═════ STORED DATA ═════
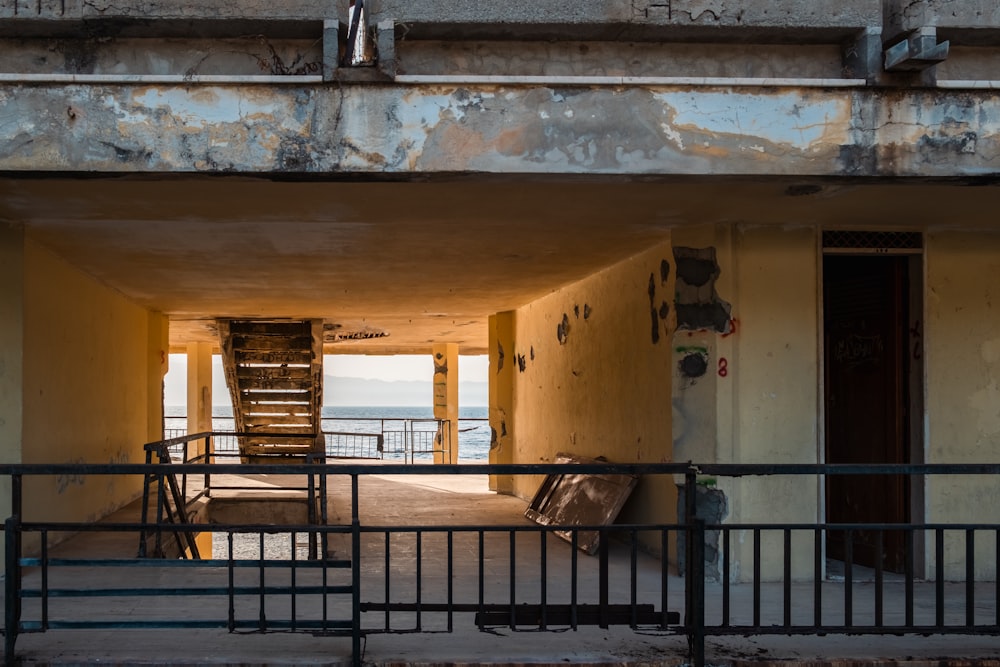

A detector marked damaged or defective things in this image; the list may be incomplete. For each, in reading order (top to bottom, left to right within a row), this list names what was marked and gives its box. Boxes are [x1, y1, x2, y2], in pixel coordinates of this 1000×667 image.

damaged plaster patch [676, 245, 732, 334]
peeling paint on wall [676, 247, 732, 332]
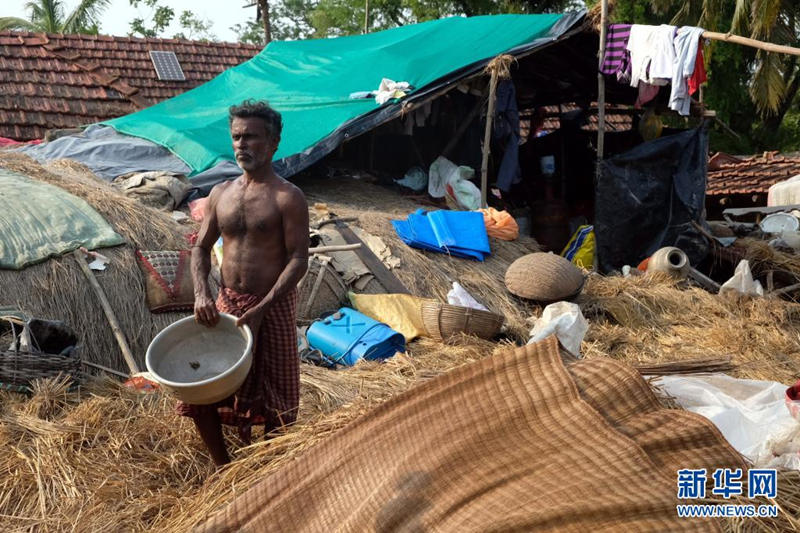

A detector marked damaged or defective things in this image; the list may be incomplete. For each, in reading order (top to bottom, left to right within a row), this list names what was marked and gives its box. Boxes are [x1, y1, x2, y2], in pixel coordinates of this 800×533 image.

damaged roof [0, 31, 260, 141]
damaged roof [708, 151, 800, 196]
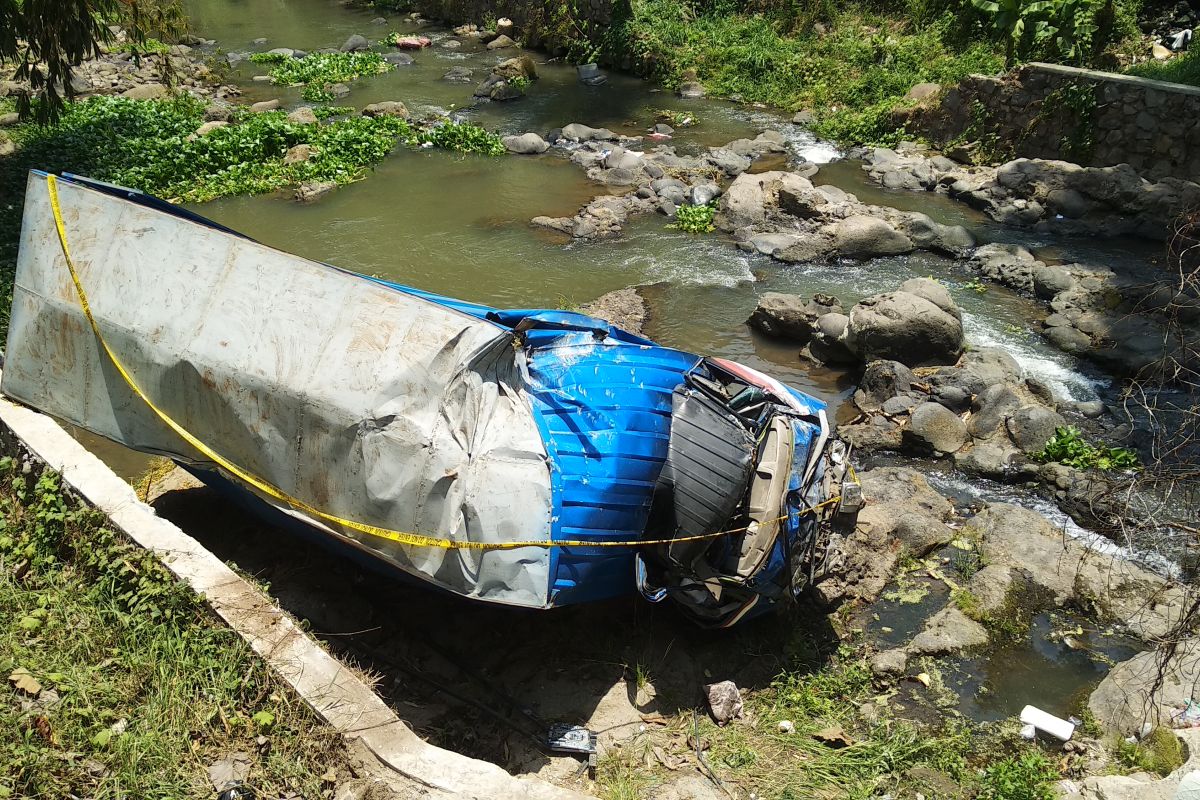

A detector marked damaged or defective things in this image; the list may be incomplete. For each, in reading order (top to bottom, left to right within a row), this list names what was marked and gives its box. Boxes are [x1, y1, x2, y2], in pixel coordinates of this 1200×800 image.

overturned truck [4, 172, 859, 628]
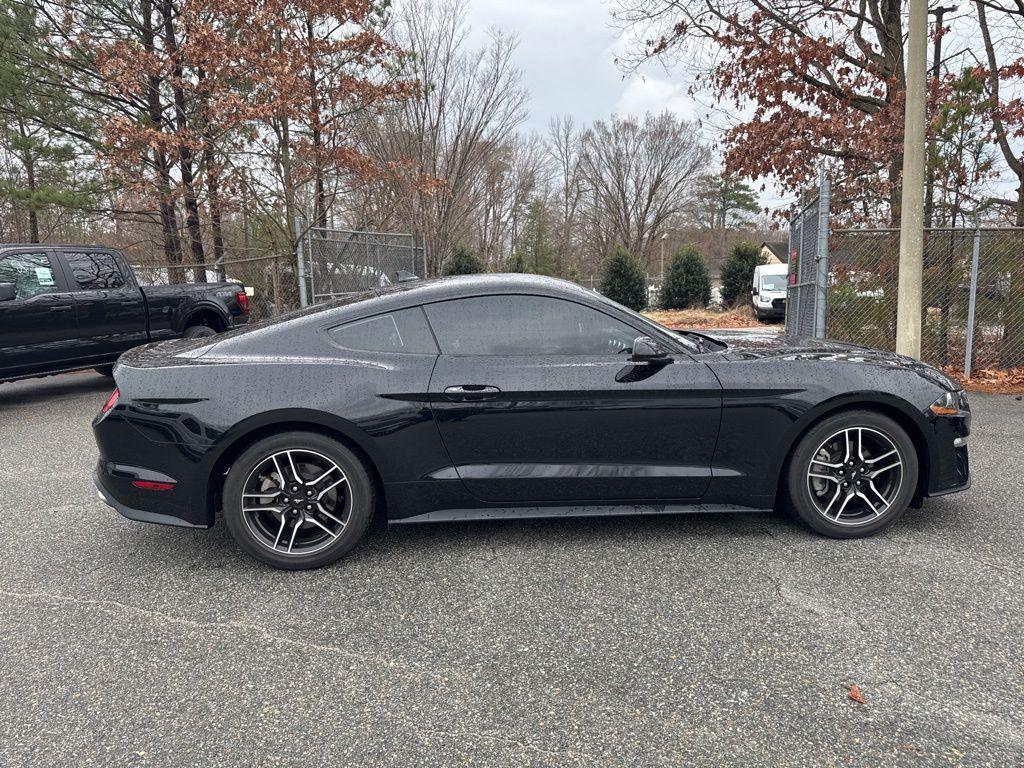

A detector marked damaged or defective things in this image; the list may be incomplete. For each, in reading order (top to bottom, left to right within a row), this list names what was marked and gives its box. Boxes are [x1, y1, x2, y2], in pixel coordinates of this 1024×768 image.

cracked asphalt [0, 370, 1019, 765]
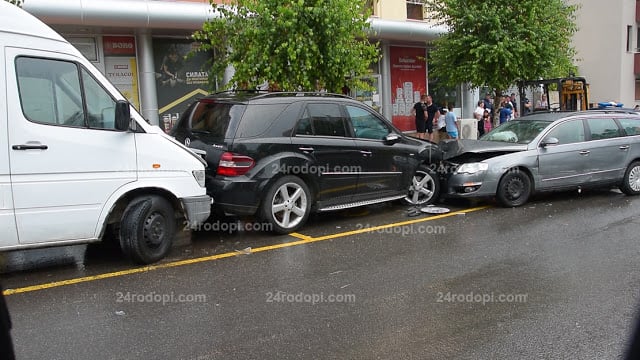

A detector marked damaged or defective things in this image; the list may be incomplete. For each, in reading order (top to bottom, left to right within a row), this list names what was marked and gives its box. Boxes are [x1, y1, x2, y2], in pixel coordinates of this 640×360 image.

crumpled hood [440, 139, 528, 160]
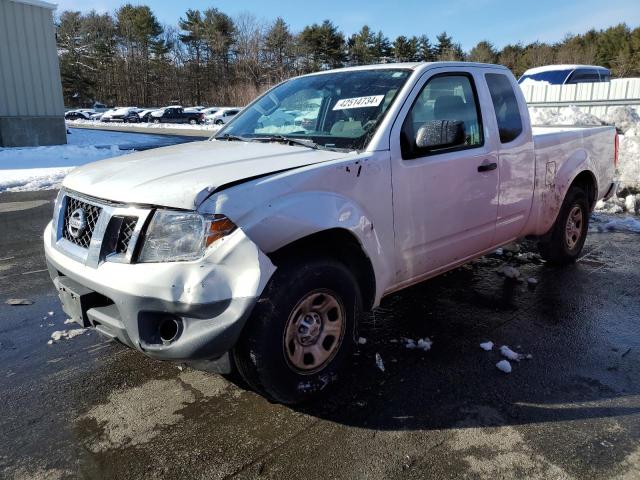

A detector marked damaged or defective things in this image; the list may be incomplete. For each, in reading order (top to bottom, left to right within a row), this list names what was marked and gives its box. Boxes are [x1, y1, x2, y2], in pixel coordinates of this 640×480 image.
═════
[WORK TASK] Omitting all pictures, retype exactly the lines from the line containing "this 640×360 image." down to the last line above, both ends included.

[OUTPUT OF THE EXERCISE]
A detector marked damaged or defective things in this image; the list may be incomplete. For each, in reading order (top to bottom, left to right within a row), this list names what was marked and gives its box. Boxes are [x1, y1, x2, y2], in pixel coordinates of this 640×360 image.

crumpled hood [440, 139, 528, 160]

A detector marked damaged or defective things in this image; the list may be incomplete. For each, in reading order (top to bottom, left to right within a row), this list names what was marked and gives its box. Boxes are [x1, y1, x2, y2], in pixel coordinates of this 640×480 image.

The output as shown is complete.